• [Exercise objective]: Please reproduce the data below exactly, from the first line through the line containing "Elektronik<Beurer Blodtryksmåler easyClip", and leave every later line out.

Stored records
((
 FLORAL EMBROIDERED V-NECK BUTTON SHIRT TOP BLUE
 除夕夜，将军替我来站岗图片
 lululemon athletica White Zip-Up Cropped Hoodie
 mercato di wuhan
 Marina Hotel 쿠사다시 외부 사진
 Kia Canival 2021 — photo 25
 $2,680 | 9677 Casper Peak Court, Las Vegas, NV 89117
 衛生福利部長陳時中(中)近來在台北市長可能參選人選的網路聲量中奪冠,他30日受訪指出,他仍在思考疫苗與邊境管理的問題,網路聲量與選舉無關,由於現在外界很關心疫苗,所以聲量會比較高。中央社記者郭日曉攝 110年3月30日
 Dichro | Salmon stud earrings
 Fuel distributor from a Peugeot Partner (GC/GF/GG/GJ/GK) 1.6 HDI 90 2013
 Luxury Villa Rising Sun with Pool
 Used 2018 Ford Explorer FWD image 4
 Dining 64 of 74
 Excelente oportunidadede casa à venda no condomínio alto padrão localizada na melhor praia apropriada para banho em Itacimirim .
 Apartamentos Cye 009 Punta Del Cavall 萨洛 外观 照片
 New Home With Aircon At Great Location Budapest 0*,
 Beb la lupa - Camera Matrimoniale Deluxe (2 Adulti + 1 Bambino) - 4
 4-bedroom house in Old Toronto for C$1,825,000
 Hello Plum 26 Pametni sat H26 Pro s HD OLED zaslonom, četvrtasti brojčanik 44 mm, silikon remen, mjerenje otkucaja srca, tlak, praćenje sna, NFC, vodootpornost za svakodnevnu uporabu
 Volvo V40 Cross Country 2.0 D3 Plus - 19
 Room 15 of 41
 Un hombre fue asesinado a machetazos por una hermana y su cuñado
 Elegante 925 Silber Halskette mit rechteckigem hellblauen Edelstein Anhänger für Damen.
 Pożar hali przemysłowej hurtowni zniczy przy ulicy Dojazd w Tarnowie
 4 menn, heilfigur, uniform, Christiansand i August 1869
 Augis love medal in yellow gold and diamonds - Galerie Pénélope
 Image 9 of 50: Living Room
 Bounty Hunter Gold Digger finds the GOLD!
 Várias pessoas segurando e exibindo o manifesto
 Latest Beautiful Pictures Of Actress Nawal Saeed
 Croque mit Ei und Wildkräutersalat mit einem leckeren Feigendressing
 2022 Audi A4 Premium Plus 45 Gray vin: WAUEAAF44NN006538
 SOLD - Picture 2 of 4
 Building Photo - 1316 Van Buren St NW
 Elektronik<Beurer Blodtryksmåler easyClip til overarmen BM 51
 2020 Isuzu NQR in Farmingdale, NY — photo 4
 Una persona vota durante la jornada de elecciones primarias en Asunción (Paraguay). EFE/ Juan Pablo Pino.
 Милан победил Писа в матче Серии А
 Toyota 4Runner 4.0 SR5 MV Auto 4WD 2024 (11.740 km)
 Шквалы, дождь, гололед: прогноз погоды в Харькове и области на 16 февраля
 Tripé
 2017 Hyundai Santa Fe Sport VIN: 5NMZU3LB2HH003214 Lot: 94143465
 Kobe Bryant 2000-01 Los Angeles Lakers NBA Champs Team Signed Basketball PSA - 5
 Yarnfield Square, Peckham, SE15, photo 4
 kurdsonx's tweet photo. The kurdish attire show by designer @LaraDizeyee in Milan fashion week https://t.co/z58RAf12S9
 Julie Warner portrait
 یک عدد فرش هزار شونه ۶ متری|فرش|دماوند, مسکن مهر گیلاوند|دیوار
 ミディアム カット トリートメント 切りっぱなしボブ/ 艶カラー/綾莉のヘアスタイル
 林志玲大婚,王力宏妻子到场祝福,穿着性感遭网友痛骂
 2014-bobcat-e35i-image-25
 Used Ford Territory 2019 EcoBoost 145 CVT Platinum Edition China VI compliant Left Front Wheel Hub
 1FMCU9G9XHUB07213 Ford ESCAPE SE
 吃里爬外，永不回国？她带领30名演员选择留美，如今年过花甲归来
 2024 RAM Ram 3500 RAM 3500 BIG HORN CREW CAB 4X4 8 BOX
))
• [Exercise response]:
 FLORAL EMBROIDERED V-NECK BUTTON SHIRT TOP BLUE
 除夕夜，将军替我来站岗图片
 lululemon athletica White Zip-Up Cropped Hoodie
 mercato di wuhan
 Marina Hotel 쿠사다시 외부 사진
 Kia Canival 2021 — photo 25
 $2,680 | 9677 Casper Peak Court, Las Vegas, NV 89117
 衛生福利部長陳時中(中)近來在台北市長可能參選人選的網路聲量中奪冠,他30日受訪指出,他仍在思考疫苗與邊境管理的問題,網路聲量與選舉無關,由於現在外界很關心疫苗,所以聲量會比較高。中央社記者郭日曉攝 110年3月30日
 Dichro | Salmon stud earrings
 Fuel distributor from a Peugeot Partner (GC/GF/GG/GJ/GK) 1.6 HDI 90 2013
 Luxury Villa Rising Sun with Pool
 Used 2018 Ford Explorer FWD image 4
 Dining 64 of 74
 Excelente oportunidadede casa à venda no condomínio alto padrão localizada na melhor praia apropriada para banho em Itacimirim .
 Apartamentos Cye 009 Punta Del Cavall 萨洛 外观 照片
 New Home With Aircon At Great Location Budapest 0*,
 Beb la lupa - Camera Matrimoniale Deluxe (2 Adulti + 1 Bambino) - 4
 4-bedroom house in Old Toronto for C$1,825,000
 Hello Plum 26 Pametni sat H26 Pro s HD OLED zaslonom, četvrtasti brojčanik 44 mm, silikon remen, mjerenje otkucaja srca, tlak, praćenje sna, NFC, vodootpornost za svakodnevnu uporabu
 Volvo V40 Cross Country 2.0 D3 Plus - 19
 Room 15 of 41
 Un hombre fue asesinado a machetazos por una hermana y su cuñado
 Elegante 925 Silber Halskette mit rechteckigem hellblauen Edelstein Anhänger für Damen.
 Pożar hali przemysłowej hurtowni zniczy przy ulicy Dojazd w Tarnowie
 4 menn, heilfigur, uniform, Christiansand i August 1869
 Augis love medal in yellow gold and diamonds - Galerie Pénélope
 Image 9 of 50: Living Room
 Bounty Hunter Gold Digger finds the GOLD!
 Várias pessoas segurando e exibindo o manifesto
 Latest Beautiful Pictures Of Actress Nawal Saeed
 Croque mit Ei und Wildkräutersalat mit einem leckeren Feigendressing
 2022 Audi A4 Premium Plus 45 Gray vin: WAUEAAF44NN006538
 SOLD - Picture 2 of 4
 Building Photo - 1316 Van Buren St NW
 Elektronik<Beurer Blodtryksmåler easyClip til overarmen BM 51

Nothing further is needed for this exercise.